Brixius said being close to the jail may have some potential advantages, but that police officers don’t spend a great deal of time at the jail and that officers normally go from the jail back out to their patrols as opposed to the station.

The city’s 2018 budget raised the property tax rate by 1.25 mills to pay for phase one of the police headquarters. The tax increase will cost the owner of a $175,000 home an additional $25 annually in city property taxes. The multi-phase, multi-year plan will create a law enforcement campus that would allow city police to potentially co-locate with the Douglas County Sheriff’s Office to save costs.

Previous direction from the City Commission was for the city to review sites it already owned, and 17 such sites were reviewed before the city arrived at the two finalists. A memo to the City Commission also states that although the Overland Drive site is not centrally located, the Planning and Development Services Department believes the more immediate and future growth in the city will occur west of the site, so it would become more centralized as time goes on.

Because the headquarters will be built in phases with no definite timeline of when the next phase will occur, Brixius said it is also important that the headquarters be close to the police department’s Investigations and Training Center, 4820 Bob Billings Parkway.

“I think that this allows for a bridge for however long that time is where the department can still communicate effectively and are able to visit with one another quickly if need be,” Brixius said.
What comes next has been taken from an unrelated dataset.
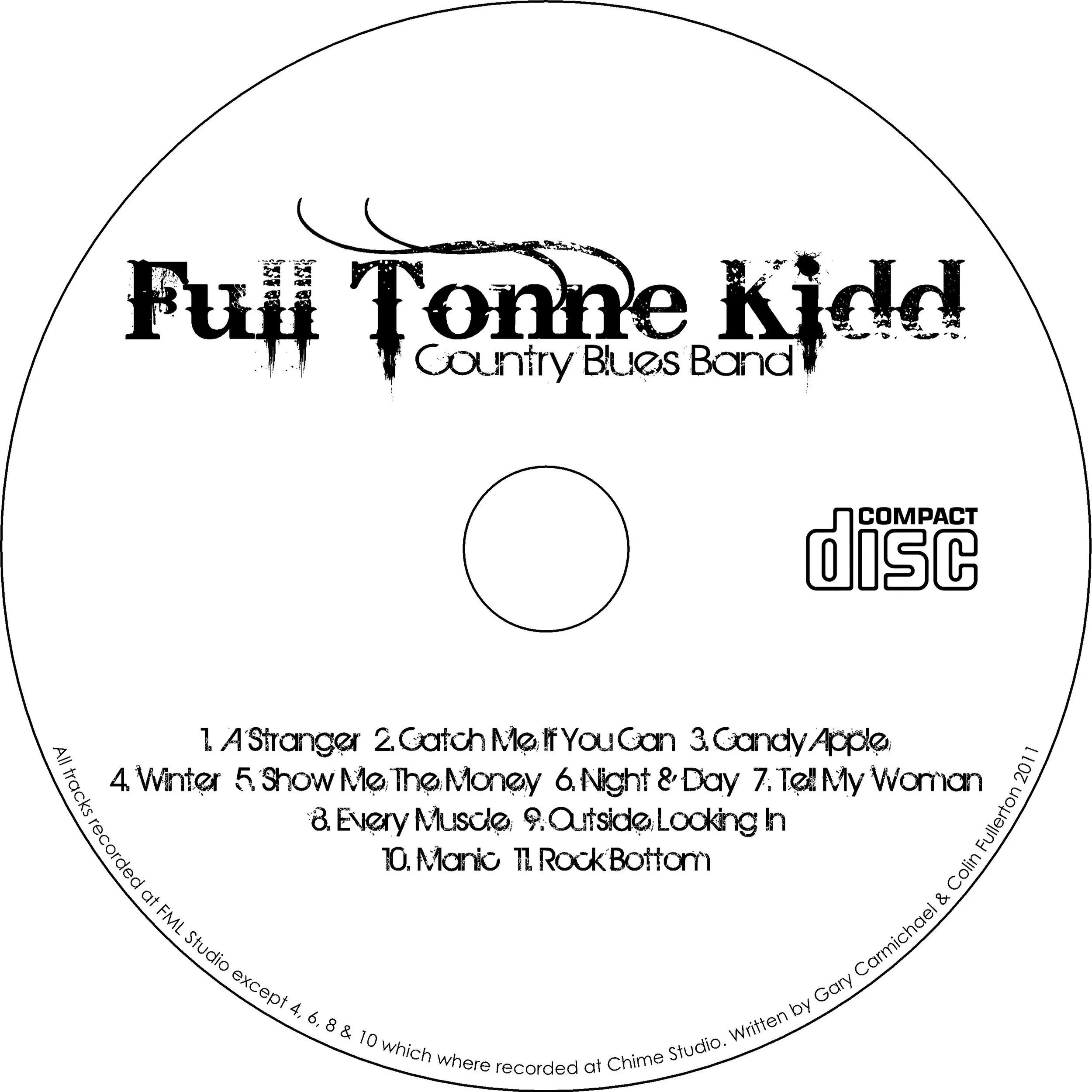 CD Layout new.jpg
Another factor cited in the decision is that using the VenturePark site for the police headquarters would remove the possibility of industrial or economic development on that acreage, according to the memo.

As part of the City Commission’s meeting Tuesday, commissioners will decide whether to designate 16 acres of the 29-acre site at Overland Drive for the police headquarters. The commission will also vote on whether to allow the city to use alternate construction contractor selection methods that would not include a bidding process.

The City Commission will convene at 5:45 p.m. Tuesday at City Hall, 6 E. Sixth St.

Contractor selection methods

City commissioners will consider a new policy that would make it easier for big projects like a police headquarters to be built without going through the city’s normal bidding process.

The city has historically used a Design-Bid-Build method for construction projects, in which the city first hires architects to come up with a design and then conducts a bidding process for the project. City staff is recommending that the city consider alternatives methods on future projects. Those include the Design-Build method, where a designer and contractor team are selected at the beginning of the process based on qualifications and a price set instead of opening the project for bids.

The staff recommendation states that such methods increase collaboration by involving the contractor early during the project design phase and can decrease costs and project timelines. The City Commission will vote on a new ordinance that would allow the governing body to authorize processes like Design-Build instead of the current Design-Bid-Build if it was “in the public interest.”

Tuesday’s action, however, would not automatically exempt the police headquarters project from the normal bidding process. City commissioners at a later date would have to decide whether to use the traditional bid process or an alternative method.